- **YOUR TASK**: What you should give back is every line from the one containing "Certified 2019 Ford" through the last line of the records below, word for word and without pictures.

Captioned web images
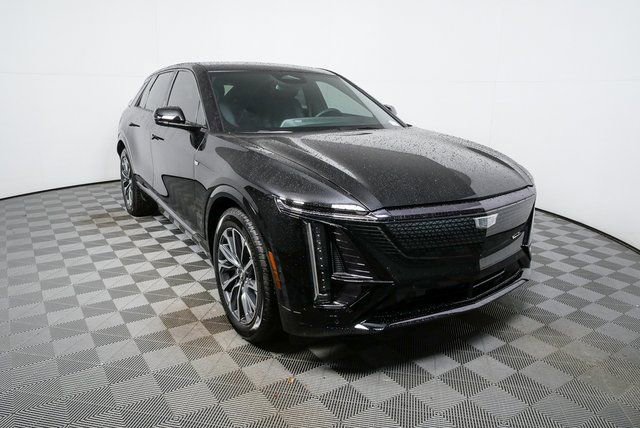 2026 Cadillac LYRIQ Sport's photo
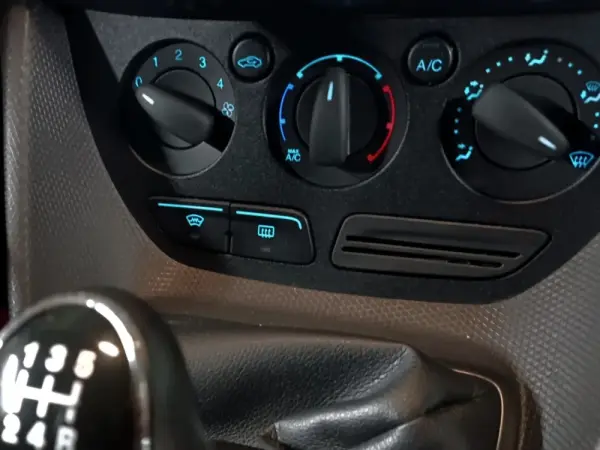 Ford Transit Connect 1.5 TDCi 200 L1 Ambiente 13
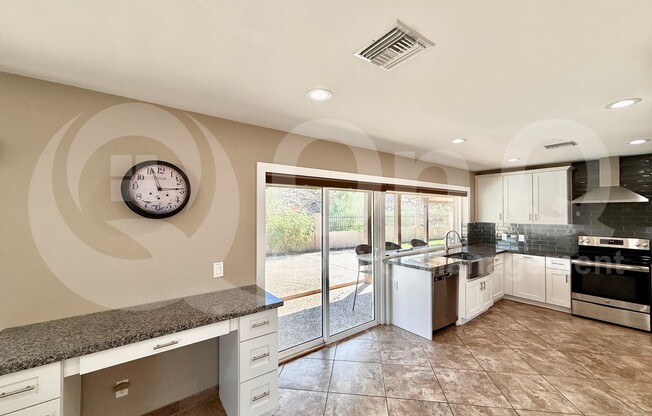 535 W SWEETWATER AVE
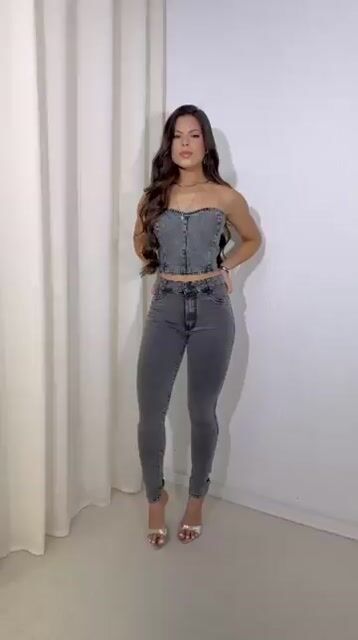 Vídeo de Calça jeans com lycra
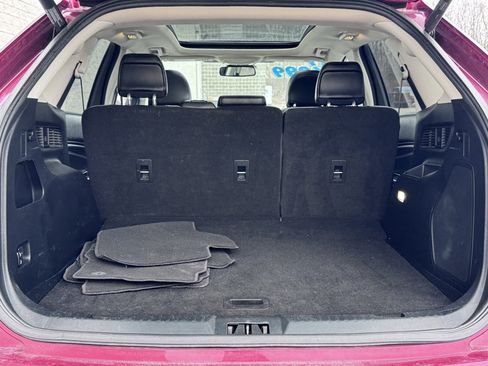 Certified 2019 Ford Edge Titanium w/ Equipment Group 301A image 27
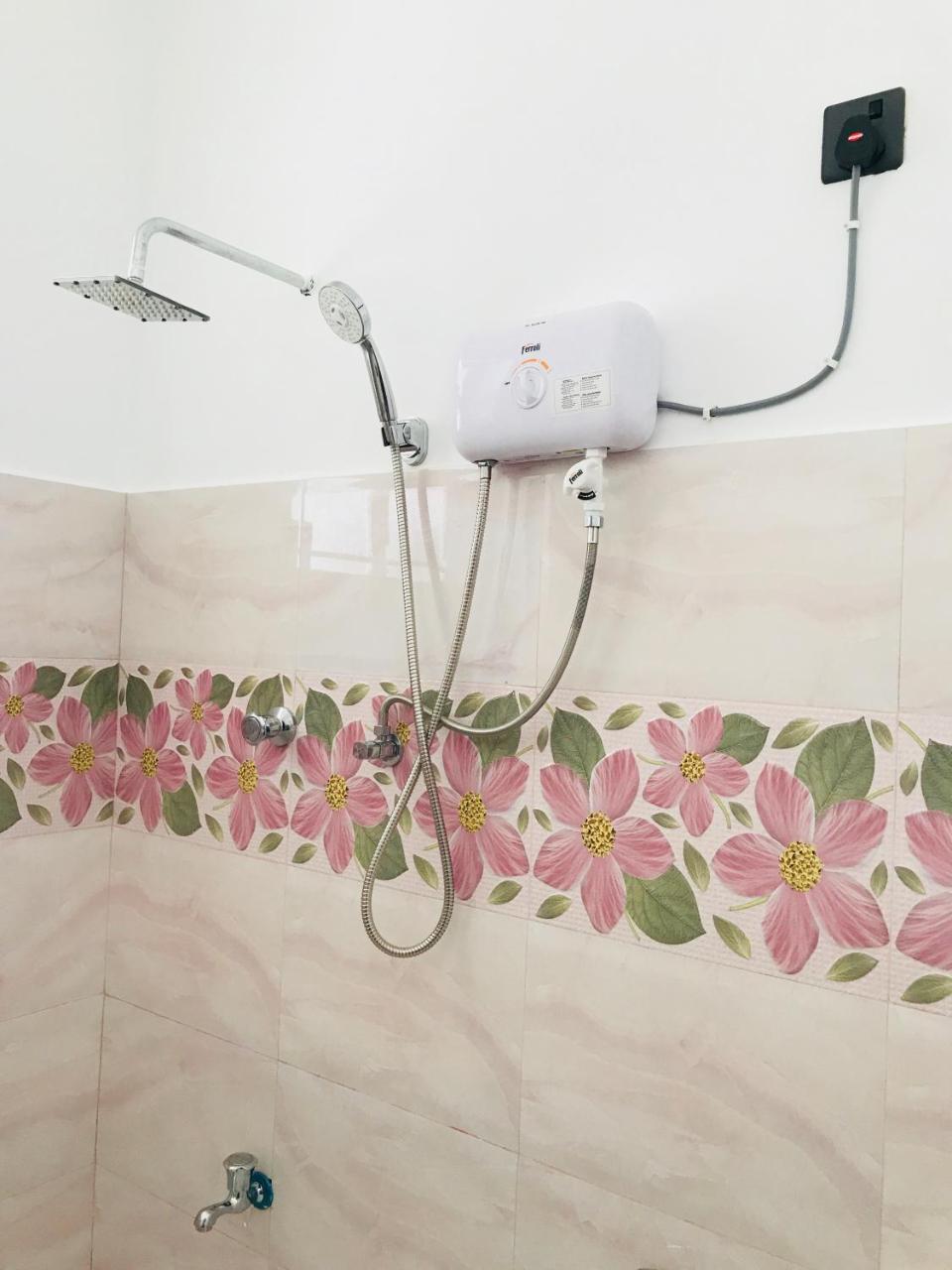 Royal White Tourist Rest Hotel Anuradhapura Luaran gambar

- **OUTPUT OF THE TASK**:
 Certified 2019 Ford Edge Titanium w/ Equipment Group 301A image 27
 Royal White Tourist Rest Hotel Anuradhapura Luaran gambar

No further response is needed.